TASK TO CARRY OUT
Omit the images and output every line of the data below exactly.

THE DATA
BEGIN

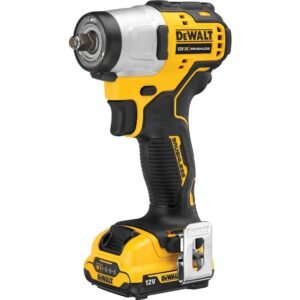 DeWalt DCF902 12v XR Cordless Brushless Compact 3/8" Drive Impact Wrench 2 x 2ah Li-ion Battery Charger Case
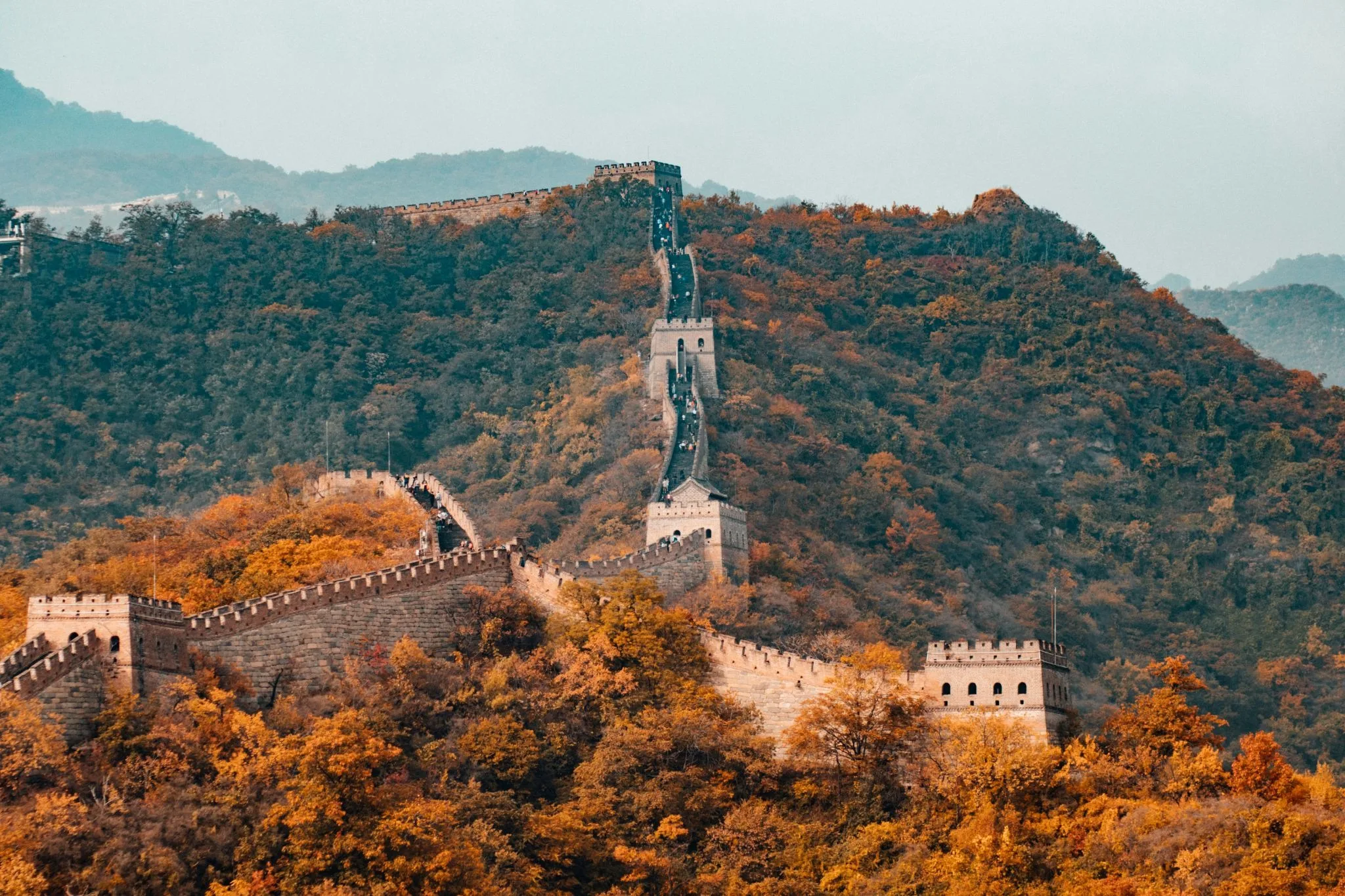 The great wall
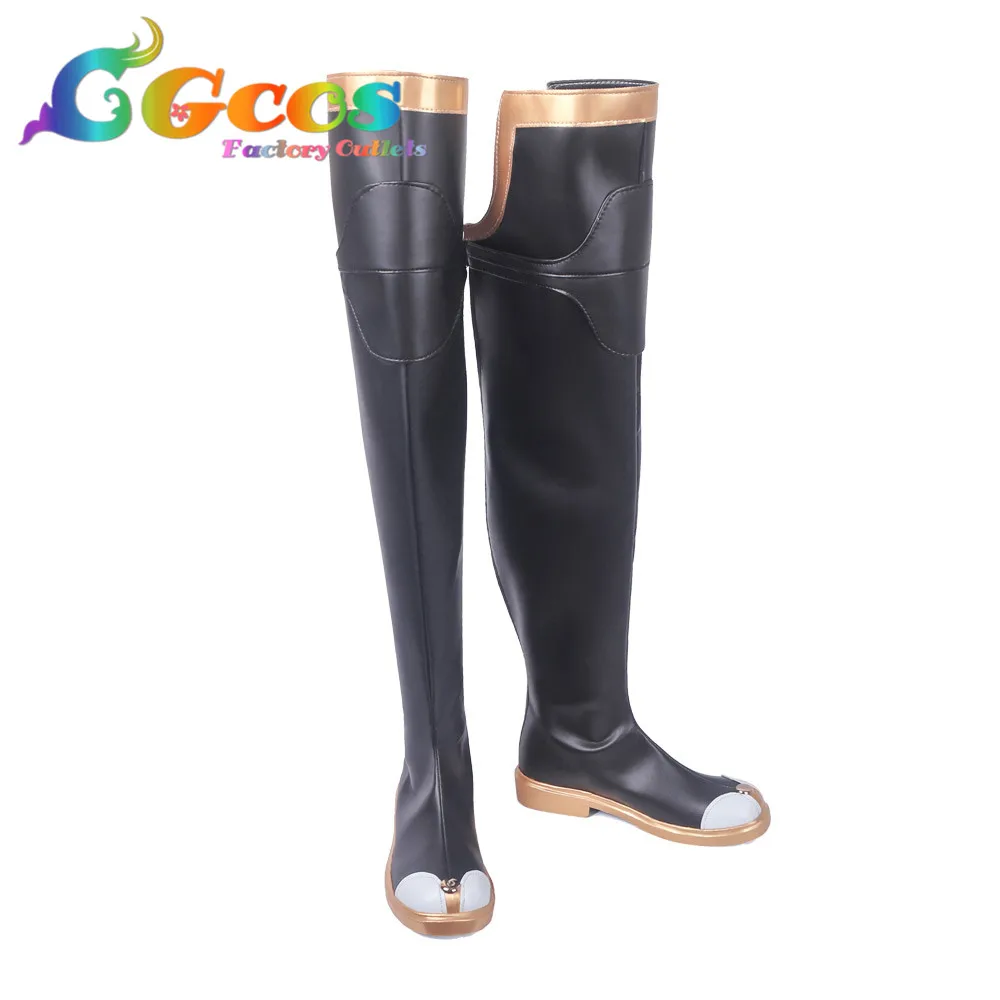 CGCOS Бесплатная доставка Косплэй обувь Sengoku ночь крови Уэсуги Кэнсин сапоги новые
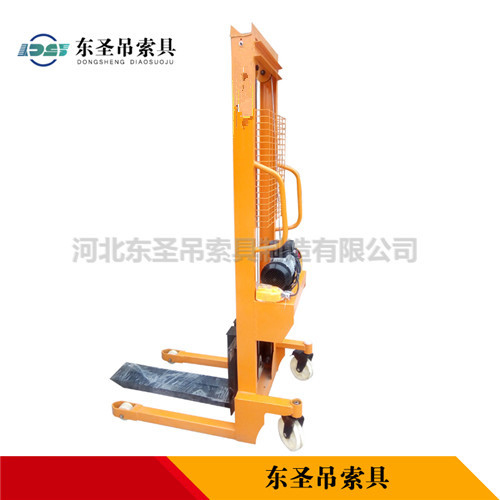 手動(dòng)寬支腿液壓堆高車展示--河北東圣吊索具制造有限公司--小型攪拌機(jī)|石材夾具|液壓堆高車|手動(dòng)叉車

END

OUTPUT
 DeWalt DCF902 12v XR Cordless Brushless Compact 3/8" Drive Impact Wrench 2 x 2ah Li-ion Battery Charger Case
 The great wall
 CGCOS Бесплатная доставка Косплэй обувь Sengoku ночь крови Уэсуги Кэнсин сапоги новые
 手動(dòng)寬支腿液壓堆高車展示--河北東圣吊索具制造有限公司--小型攪拌機(jī)|石材夾具|液壓堆高車|手動(dòng)叉車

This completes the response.